NEW YORK (TheStreet) -- Dear U.S. Treasury Dept., you stole my property, so I'm going to sue you, but on second thought if you give it back to me I'll throw in a bargain fix for your housing policy quandary.
That is essentially the argument being put forward by Fairholme Funds CEO Bruce Berkowitz in the letter he sent Thursday to Federal Housing Finance Authority Acting Director Ed DeMarco, in which he proposes to buy the mortgage insurance businesses of Fannie Mae (FNMA) and Freddie Mac (FMCC). (Treasury Secretary Jacob Lew, who may have an opinion on all this, was cc'd.)
Because Berkowitz runs a mutual fund company, which has more of a middle class flavor than the secretive hedge fund Goliaths he is working with -- names like Perry Capital, Carlyle Group's Claren Road Asset Management, and Paulson & Co. -- he is the friendly front man. The hedge funds -- whose backing for the plan was reported by the Financial Times -- aren't named in the proposal, and haven't publicly confirmed their support for it.
In doing so, they have brought in possibly the most high-powered litigators in the U.S.: David Boies, a Democrat ,and Ted Olson, a Republican. The lawsuits make different arguments, though many of them take issue with a 2012 amendment to the terms under which Fannie and Freddie were put into conservatorship in 2008. While Fannie and Freddie initially were required to pay a 10% dividend to the Treasury on its $189.4 billion preferred share investment in the government sponsored entities, the amendment changed the terms of the dividend so that all of the profits would be swept into the Treasury, minus $3 billion capital cushions for each GSE.
Following their next dividend payments in December, the government will have received $185.3 billion in dividends from Fannie and Freddie. But there's no mechanism in place for either GSE to repurchase any government-held preferred shares.
I'm not a lawyer. I don't even play one on TV. But changing the rules in the middle of the game like that ain't cool. And on its face it certainly sounds like the Treasury took private property for public use without just compensation, which would be in violation of the Fifth amendment. The property taken would be the value of the preferred and common shares of Fannie and Freddie. Investors buying those securities before the 2012 amendment would have had every justification for assuming that once the government got its $189.4 billion, they'd get their share of the remaining profits.

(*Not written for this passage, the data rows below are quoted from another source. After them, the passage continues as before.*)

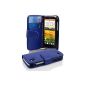 Cadorabo!  PREMIUM - Book Style Case in wallet design for HTC Desire X in KING'S BLUE (Wireless Phone Accessory)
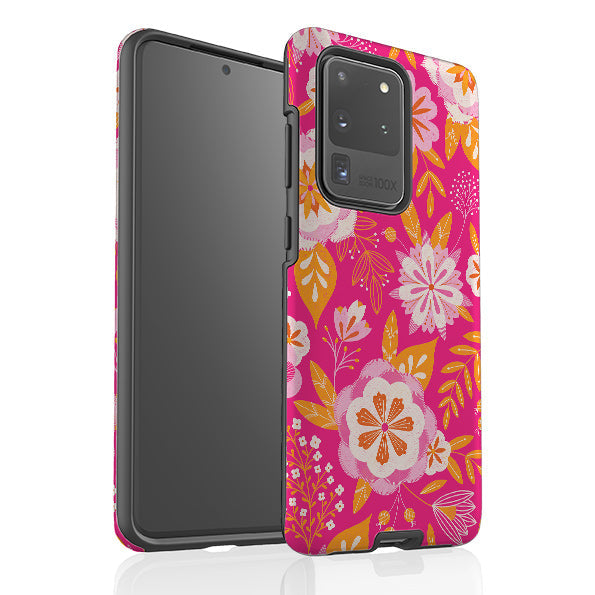 Samsung phone case-Big Bold Blooms Pink By Jenny Zemanek-Product Details Raised bevel to protect screen from scratches. Impact resistant polycarbonate shell and shock absorbing inner TPU liner. Secure fit with design wrapping around side of the case and full access to ports. Compatible with Qi-standard wireless charging. Thickness 1/8 inch (3mm), weight 30g. Compatibility See drop down menu for options, please select the right case as we print to order.-Stringberry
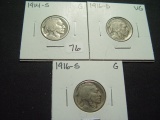 Three Early Mintmarked Buffalo Nickels: 1914-S, 1916-D, 1916-S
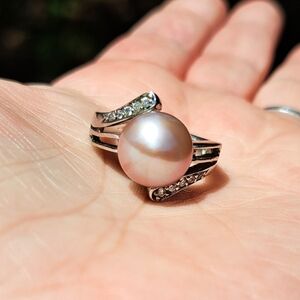 Sterling silver pink pearl ring 925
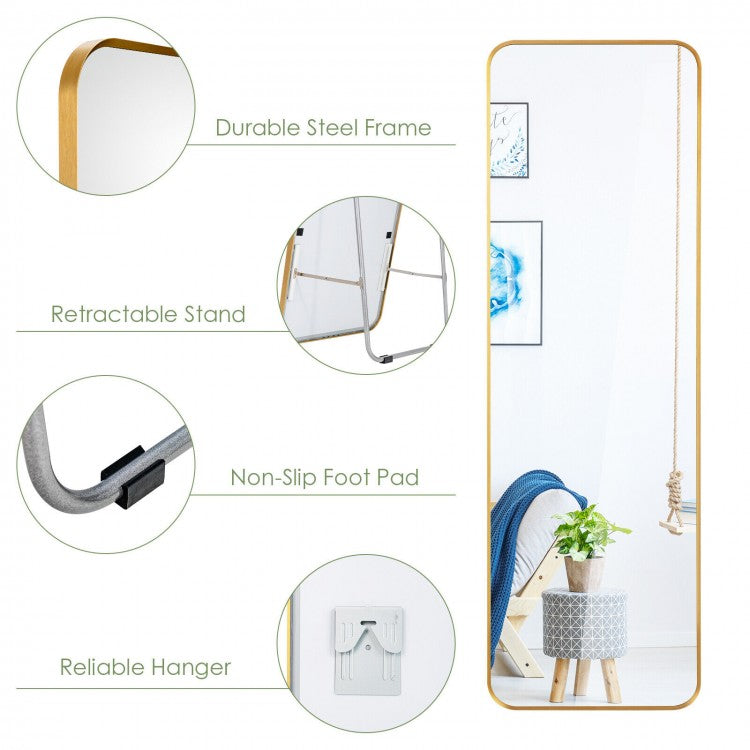 Gold Framed Full Length Mirror for Wall Mount and Free Standing Use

So I think the investors have a strong case when they say the Treasury stole their property. But they undercut that case by suddenly offering to strike a deal.
Berkowitz doesn't mention the lawsuit in his letter. He told CNBC Thursday it is "about the past," while his proposal is "about the future." Whatever.
"It's going to piss off the people at Treasury," John Hempton, a hedge fund investor who predicted Fannie and Freddie's rebound as early as 2009 and says he bought Fannie and Freddie preferred shares for just a penny on the dollar. Hempton sees the Berkowitz proposal as merely the first step in what he expects will be lengthy negotiations.
"My guess is Berkowitz's lawyer told him 'once you get to the Supreme Court, anything can happen'." In other words, it might make more sense to cut a deal, even if he has a very strong legal case.
Lawsuits are settled all the time, you might say. These are all just negotiations. Maybe so, but with the future of U.S. housing finance at stake, Berkowitz's tactics could easily backfire.